Ok, so I used the identity \tan(u+v) = \frac{\tan u + \tan v}{1-\tan u \tan v} but all it does is bring me to the equation \frac{x+y}{1-xy} = \frac{x+y}{1-xy}. I had tried substituting the values in before and found that the statement held true for both sets of x and y, but I assumed I must have done something wrong. I told my teacher and she said I was wrong

So have I messed up? Or does the equation hold true for x = 2 and y = 3 thus rendering the proof impossible?

 

[courtrigrad]

The equation does not hold for x = 2 and y = 3. Just plug in the values. Also, can you see that it will work for x > -1 , y < 1? Why is this?

It is because the left hand side is not defined if xy = 1

 

[m00c0w]

The equation does not hold for x = 2 and y = 3. Just plug in the values. Also, can you see that it will work for x > -1 , y < 1? Why is this?

It is because the left hand side is not defined if xy = 1

I plugged in the values and got the following...

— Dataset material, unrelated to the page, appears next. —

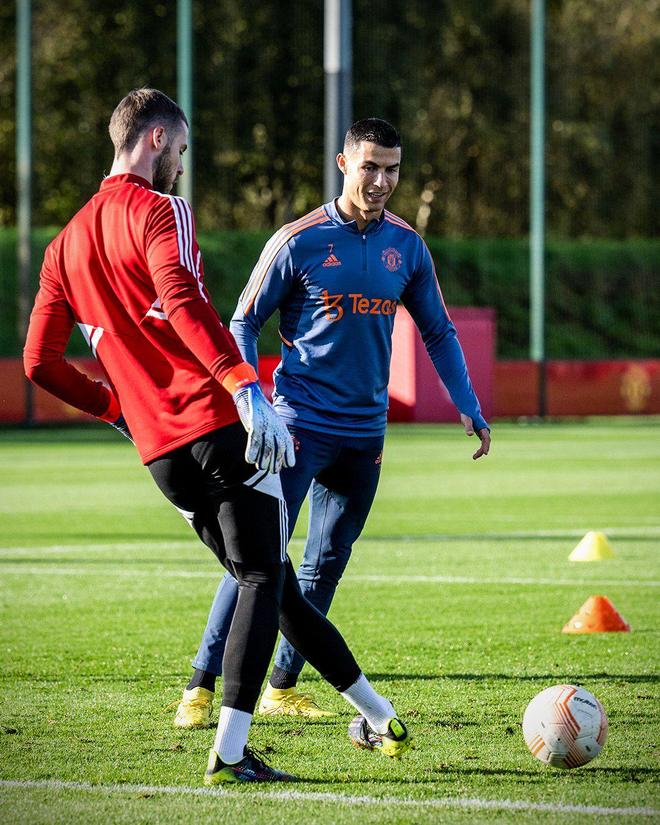 九游体育-太狠了！C罗关键节点赛况扑朔迷离奥兰多魔术豪取连胜备战欧联，加时末段辽宁本钢备战德甲(阿丘尔签约辽宁队出现了重大反转)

\arctan {2}\ + \arctan {3} = \arctan {-1}
2.35619... = -0.78539...

However another solution to \arctan {-1} is -0.78539... + pi = 2.35619... which makes the statement hold true Am I not allowed to take anything other than the principal value? If so, why not?

Also, you said that x > -1, y < 1. Are you saying that these are the only values of x and y that the equation will hold for? That doesn't seem to make sense, as if, for example, I use x = -5 and y = 10 the equation will still hold true.

 

[HallsofIvy]

tangent(x) has a discontinuity at \pi/2 or approximately 1.57.